• _Aim of the task_
Give back the lines below exactly, but do not include any pictures.

• _Source material_
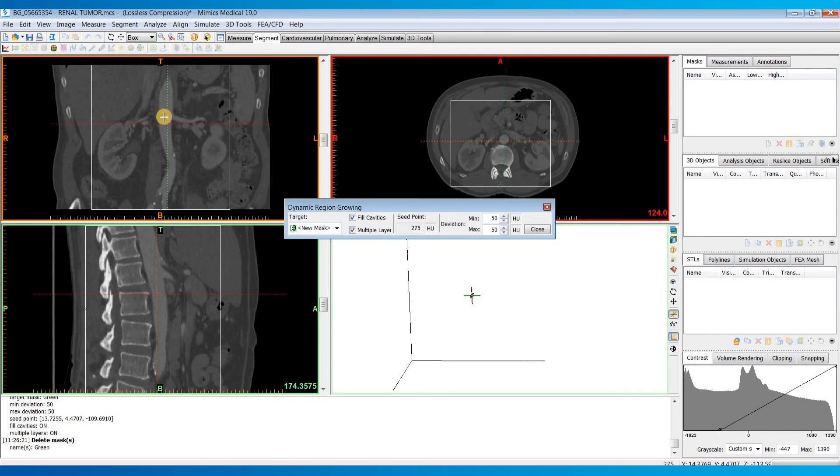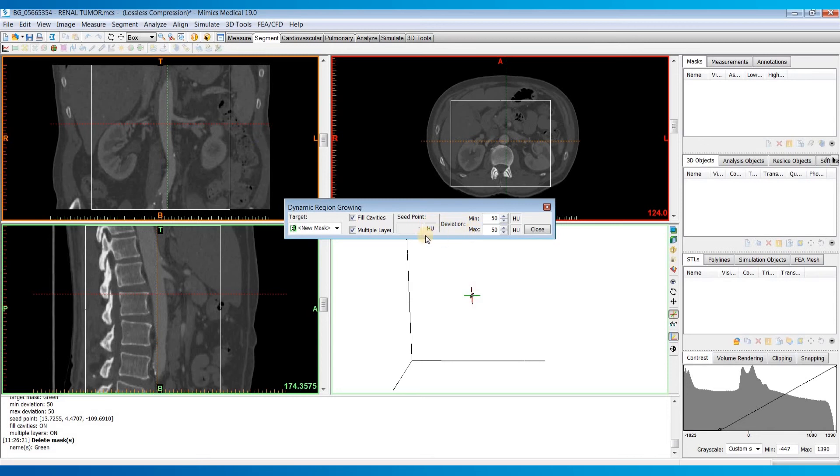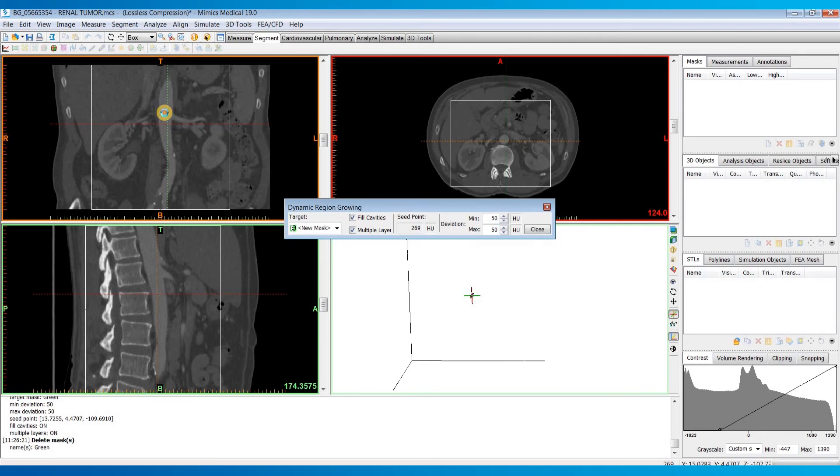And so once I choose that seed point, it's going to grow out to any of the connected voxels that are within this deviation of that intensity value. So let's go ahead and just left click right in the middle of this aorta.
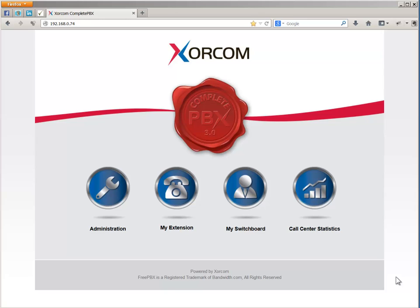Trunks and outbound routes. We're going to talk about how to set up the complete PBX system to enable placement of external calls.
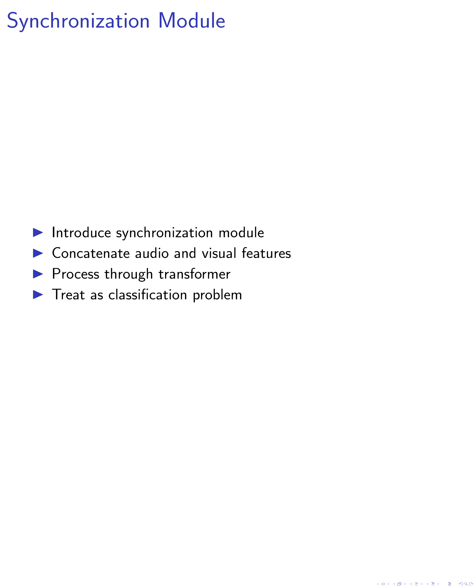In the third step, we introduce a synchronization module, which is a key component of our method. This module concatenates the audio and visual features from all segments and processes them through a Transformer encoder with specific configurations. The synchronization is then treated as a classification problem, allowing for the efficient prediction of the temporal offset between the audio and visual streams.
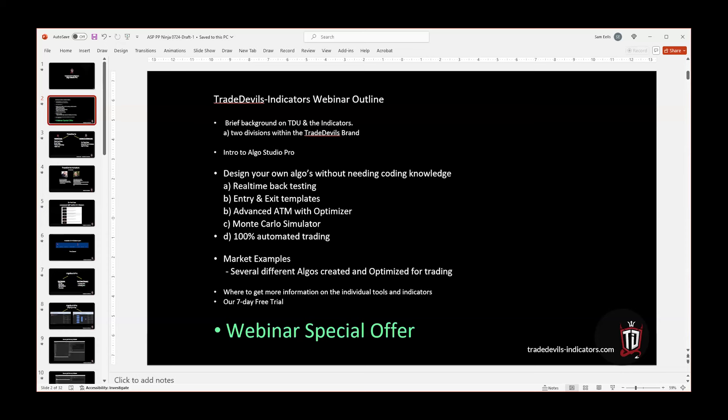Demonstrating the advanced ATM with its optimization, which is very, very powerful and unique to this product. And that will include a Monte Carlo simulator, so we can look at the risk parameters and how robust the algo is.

• _Task output_
And so once I choose that seed point, it's going to grow out to any of the connected voxels that are within this deviation of that intensity value. So let's go ahead and just left click right in the middle of this aorta.
Trunks and outbound routes. We're going to talk about how to set up the complete PBX system to enable placement of external calls.
In the third step, we introduce a synchronization module, which is a key component of our method. This module concatenates the audio and visual features from all segments and processes them through a Transformer encoder with specific configurations. The synchronization is then treated as a classification problem, allowing for the efficient prediction of the temporal offset between the audio and visual streams.
Demonstrating the advanced ATM with its optimization, which is very, very powerful and unique to this product. And that will include a Monte Carlo simulator, so we can look at the risk parameters and how robust the algo is.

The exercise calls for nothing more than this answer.